Niet alle vaccins zijn echter geschikt voor alle huisdieren. Dit is de reden waarom een grondige evaluatie van het potentieel van elke individuele patiënt voor blootstelling aan de ziekte en de risico's / voordelen verbonden aan zijn vaccinatie fundamenteel zijn om te beslissen of een huisdier wordt gevaccineerd. Vaccinatiebeslissingen moeten altijd in overleg met een dierenarts worden genomen, zodat ze kunnen worden afgestemd op de individuele behoeften van een kat.
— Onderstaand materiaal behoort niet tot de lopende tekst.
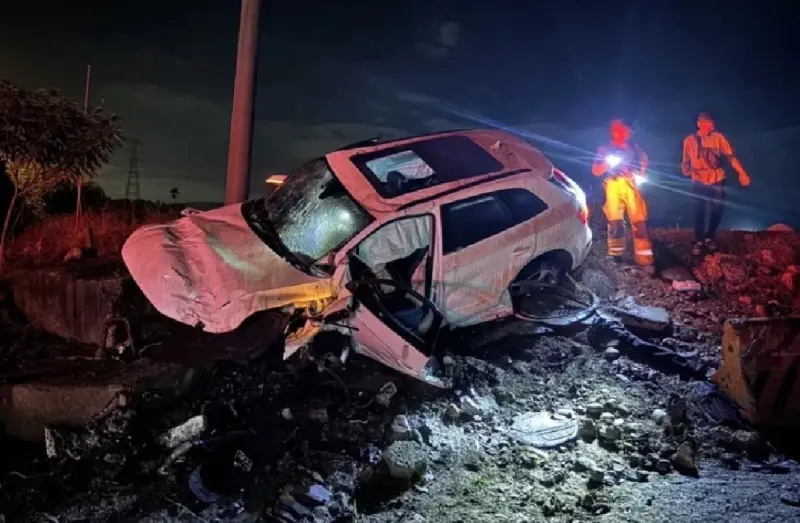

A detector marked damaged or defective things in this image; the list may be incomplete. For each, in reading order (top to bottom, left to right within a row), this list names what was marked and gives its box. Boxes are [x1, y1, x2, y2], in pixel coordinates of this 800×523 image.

broken concrete slab [10, 258, 152, 348]
crumpled hood [121, 203, 332, 334]
shattered windshield [242, 159, 374, 272]
wrecked white suv [122, 129, 592, 386]
broken concrete slab [608, 296, 672, 334]
broken concrete slab [0, 358, 198, 440]
torn metal panel [716, 318, 800, 428] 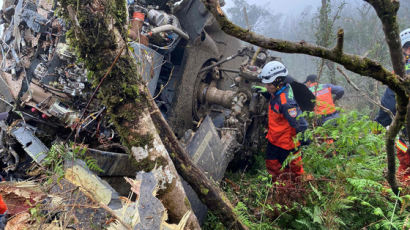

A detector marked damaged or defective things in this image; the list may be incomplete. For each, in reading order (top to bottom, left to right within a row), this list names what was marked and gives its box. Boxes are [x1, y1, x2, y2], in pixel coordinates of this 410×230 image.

crumpled metal panel [10, 124, 48, 164] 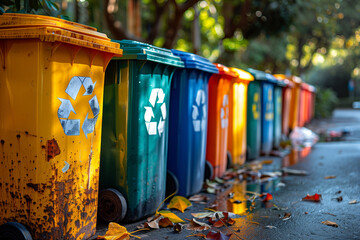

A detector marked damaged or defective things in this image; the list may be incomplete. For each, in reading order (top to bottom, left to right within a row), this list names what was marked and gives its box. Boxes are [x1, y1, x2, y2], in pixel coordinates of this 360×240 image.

rusty yellow bin [0, 13, 121, 240] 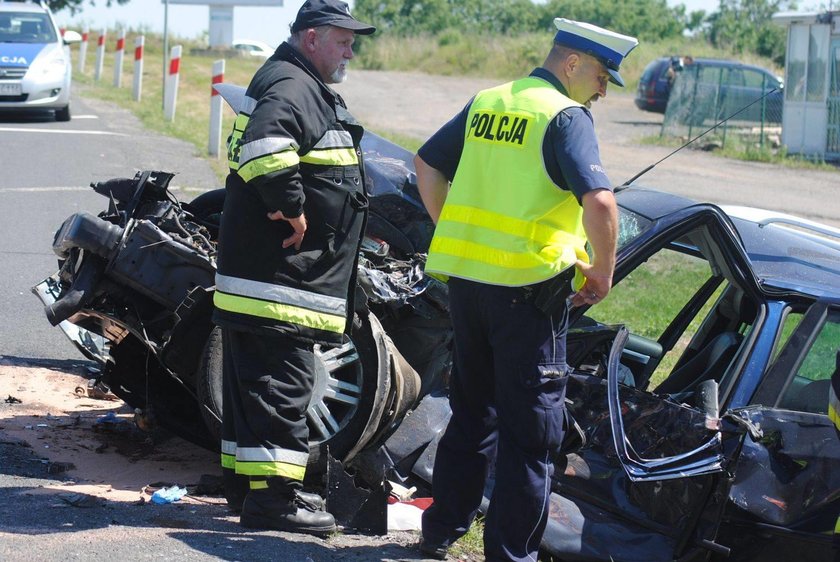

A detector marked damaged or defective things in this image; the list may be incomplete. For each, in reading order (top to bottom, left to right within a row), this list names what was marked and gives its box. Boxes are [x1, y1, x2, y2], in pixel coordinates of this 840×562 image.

wrecked car [36, 121, 840, 556]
Volgens de vaccinatierichtlijnen van de American Association of Feline Practitioners worden de volgende vaccins beschouwd als "kern" (onmisbare) vaccins voor alle katten in de Verenigde Staten:
- Rabiësvirus
- Panleukopenia-virus (FPV)
- Feline herpesvirus-1 (FHV-1)
- Feline calicivirus (FCV)
Voor kittens dient het rabiësvaccin als een enkele dosis te worden toegediend vanaf de leeftijd van 8 tot 12 weken (afhankelijk van het type vaccin en de aanbevelingen op het etiket). Voor volwassenen die een initieel vaccin tegen hondsdolheid krijgen, wordt één dosis als beschermend beschouwd. Voor alle katten wordt een tweede dosis één jaar na het eerste vaccin aanbevolen. Daarna moet het vaccin om de één tot drie jaar worden toegediend, afhankelijk van de etikettering van het product.
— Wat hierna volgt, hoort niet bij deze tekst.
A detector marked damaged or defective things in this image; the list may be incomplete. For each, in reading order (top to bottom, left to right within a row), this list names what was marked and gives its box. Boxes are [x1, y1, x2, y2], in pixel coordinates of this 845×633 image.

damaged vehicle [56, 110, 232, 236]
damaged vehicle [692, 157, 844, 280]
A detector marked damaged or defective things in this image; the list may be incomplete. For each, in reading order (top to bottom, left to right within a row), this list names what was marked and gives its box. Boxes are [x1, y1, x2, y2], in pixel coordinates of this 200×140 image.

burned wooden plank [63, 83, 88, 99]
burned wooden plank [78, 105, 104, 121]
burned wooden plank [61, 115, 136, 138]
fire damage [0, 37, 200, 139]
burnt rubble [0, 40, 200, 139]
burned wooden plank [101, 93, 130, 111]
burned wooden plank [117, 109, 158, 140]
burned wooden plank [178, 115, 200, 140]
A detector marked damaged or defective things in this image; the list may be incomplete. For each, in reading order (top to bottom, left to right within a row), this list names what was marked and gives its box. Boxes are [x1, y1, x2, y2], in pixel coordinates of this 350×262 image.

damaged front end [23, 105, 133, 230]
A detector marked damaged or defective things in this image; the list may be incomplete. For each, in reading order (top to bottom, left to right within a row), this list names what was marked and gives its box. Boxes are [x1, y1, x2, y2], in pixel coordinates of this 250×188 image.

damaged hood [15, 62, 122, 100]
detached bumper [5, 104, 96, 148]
De panleukopenia-virussen (FPV), feline herpesvirus-1 (FHV-1) en feline calicivirus (FCV) -vaccins worden meestal toegediend als een combinatievaccin volgens het volgende schema: Alle kittens moeten twee vaccinaties ontvangen met een tussenperiode van drie tot vier weken tussen de leeftijden van 6 en 16 weken. Als de eerste vaccinatie na 16 weken plaatsvindt, worden twee vaccins met een tussentijd van drie tot vier weken aanbevolen. Alle kittens moeten een booster krijgen een jaar na de vaccinatie en vervolgens om de drie jaar.
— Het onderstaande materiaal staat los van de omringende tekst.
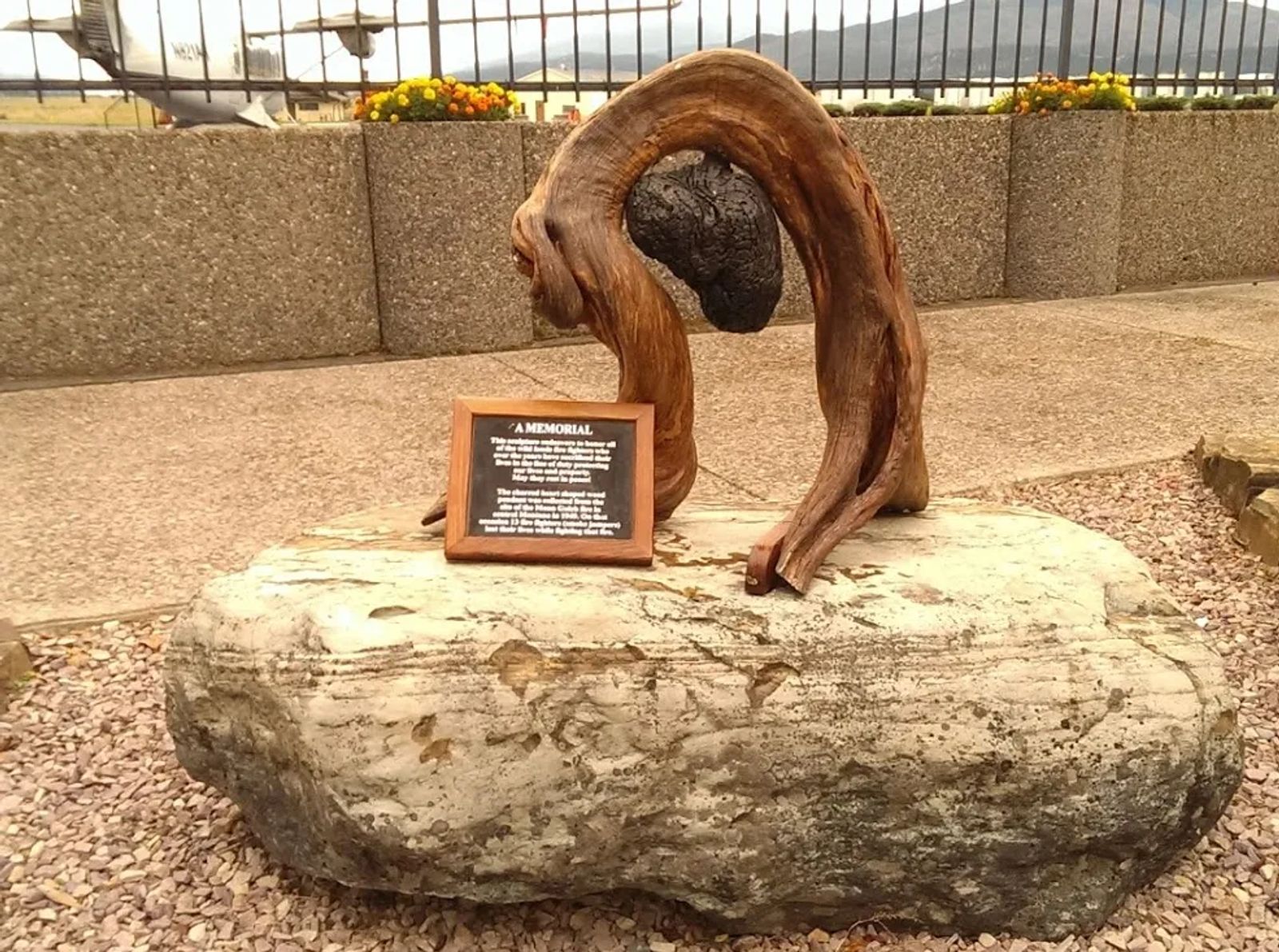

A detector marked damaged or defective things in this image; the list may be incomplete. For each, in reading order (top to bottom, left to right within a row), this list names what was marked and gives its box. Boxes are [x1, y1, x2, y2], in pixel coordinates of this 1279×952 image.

De volgende vaccins worden als 'niet-kern' beschouwd, wat betekent dat ze optionele vaccins zijn waarvan katten kunnen profiteren op basis van hun risico voor blootstelling aan de betreffende ziekten:
- Feline leukemia virus (FeLV)
- Feline immunodeficiency virus (FIV)
- Katachtige chlamydiose
- Bordetella
De American Association of Feline Practitioners heeft een andere groep vaccins gecategoriseerd als 'niet algemeen aanbevolen'. Deze indeling betekent niet dat de vaccins slecht of gevaarlijk zijn. Deze aanduiding betekent gewoon dat wijdverbreid gebruik van het vaccin momenteel niet wordt aanbevolen voor gezelschapsdieren. Zij zijn:
- Besmettelijke peritonitis bij katten (FIP)
- Feline Giardia (niet meer beschikbaar vanaf het moment van schrijven)
Vaccinatie is nog steeds een van de belangrijkste diensten die uw dierenarts biedt, en hoewel vaccinatie een routineprocedure is, moet dit niet als vanzelfsprekend worden beschouwd. Het biedt ook een regelmatige gelegenheid voor uw dierenarts om een lichamelijk onderzoek uit te voeren, wat erg belangrijk is om uw kat gezond te houden. Patiënten beschermen is het primaire doel van uw dierenarts en het ontwikkelen van een geschikt vaccinprotocol voor uw huisdier is net zo belangrijk als elk ander gebied van de geneeskunde. Voor meer informatie over al deze vaccins en de ziekten die zij targeten, verwijzen we naar de individuele discussies van deze vaccins.
Referenties
American Association of Feline Practitioners 2006 Feline Vaccination Guidelines
AVMA Vaccinatie Principes
Dit artikel is beoordeeld door een dierenarts.